Sein Programm ist aber auch deswegen intensiv, weil der 67-Jährige nun ein "Elder Statesman" wider Willen ist. Er mag den Titel nicht, für Weggefährten und politische Gegner gleichermaßen ist er das aber. Und so gelangte er wohl auch zu einem Amt, um das er sich nie beworben hätte: Als neuer Chef der deutsch-amerikanischen Parlamentariergruppe pflegt er den Austausch mit US-Abgeordneten. Steinbrück passt ins Profil: Er ist bestens vernetzt, hat keine Scheu vor klaren Worten und ist spätestens seit seiner Amtszeit als Bundesfinanzminister für Amerikaner kein Niemand mehr. "Ich wurde gefragt, auch unter dem Gesichtspunkt, dass diese transatlantische Beziehung Impulse braucht. Das bewahrheitet sich besonders vor dem Hintergrund der aktuellen Ukraine-Krise", sagt Steinbrück.
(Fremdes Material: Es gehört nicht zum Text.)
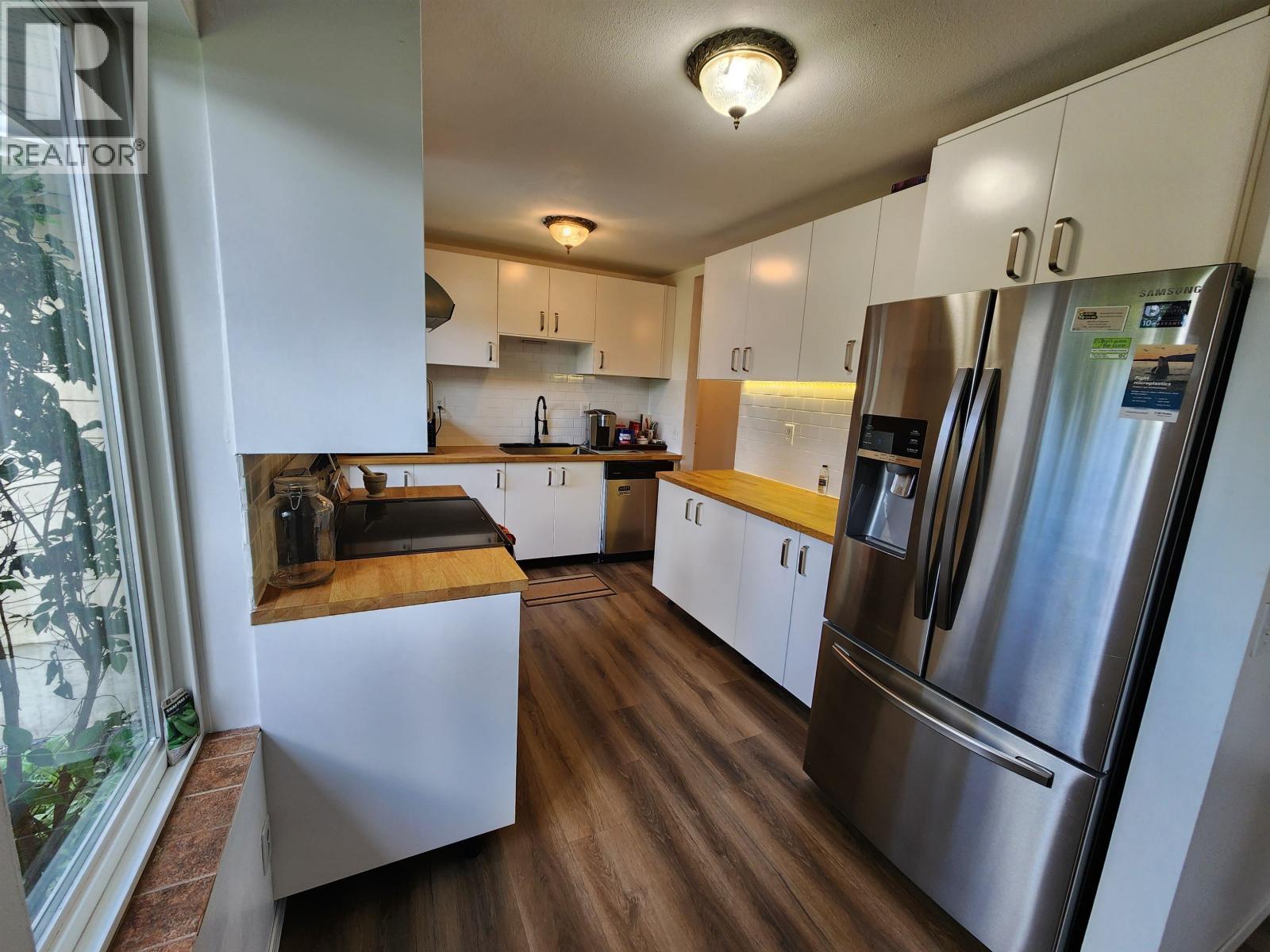 7673 Graham Road, Bridge Lake, BC - Indoor Photo Showing Kitchen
Ein Aspekt für sein neues Buch? "Vertagte Zukunft" lautet der Arbeitstitel. Im Verlag Hoffmann & Campe wird es voraussichtlich Anfang 2015 erscheinen. Steinbrück ist jetzt also auch wieder Autor, zieht sich zum Schreiben gerne in seine Berliner Wohnung zurück, nimmt sich tagelang frei, fährt dann nur selten zu seiner Frau nach Bonn. Ein paar Exemplare des Vorgängerwerkes "Unterm Strich" stehen im Bücherregal neben dem Ledersofa in seinem Büro. 150 000 Stück wurden davon verkauft, mit dem neuen Buch will er inhaltlich anknüpfen. Es soll keine reine Abrechnung mit den Medien werden, denen Steinbrück schon immer kritisch gegenüberstand. Vielmehr verfolgt ihn der Verdacht, das in der Republik herrschende Bedürfnis nach Ruhe werde eher früher als später mit Herausforderungen kollidieren, die das Land in Angriff nehmen müsse.

Peer Steinbrück wird immer politisch bleiben, süchtig danach meint der Gelegenheitsraucher aber ebenso wenig zu sein wie nach Zigaretten. "Ich war immer froh, dass ich privat viele Dinge neben der Politik hatte, die mich fesseln", sagt er. Reisen etwa. Erzählt er von seinem Enkelkind, gerät er ins Schwärmen.

In Berlin wird unterdessen gemunkelt, 2015 werde er das Bundestagsmandat abgeben. Steinbrück will sich nicht festlegen, klingt glaubwürdig, wenn er sagt: "Politik allein ist nicht mein Leben. Es besteht aus einem Ensemble. Genauso, wie ich mein restliches Leben nicht nur, aber auch Großvater sein möchte."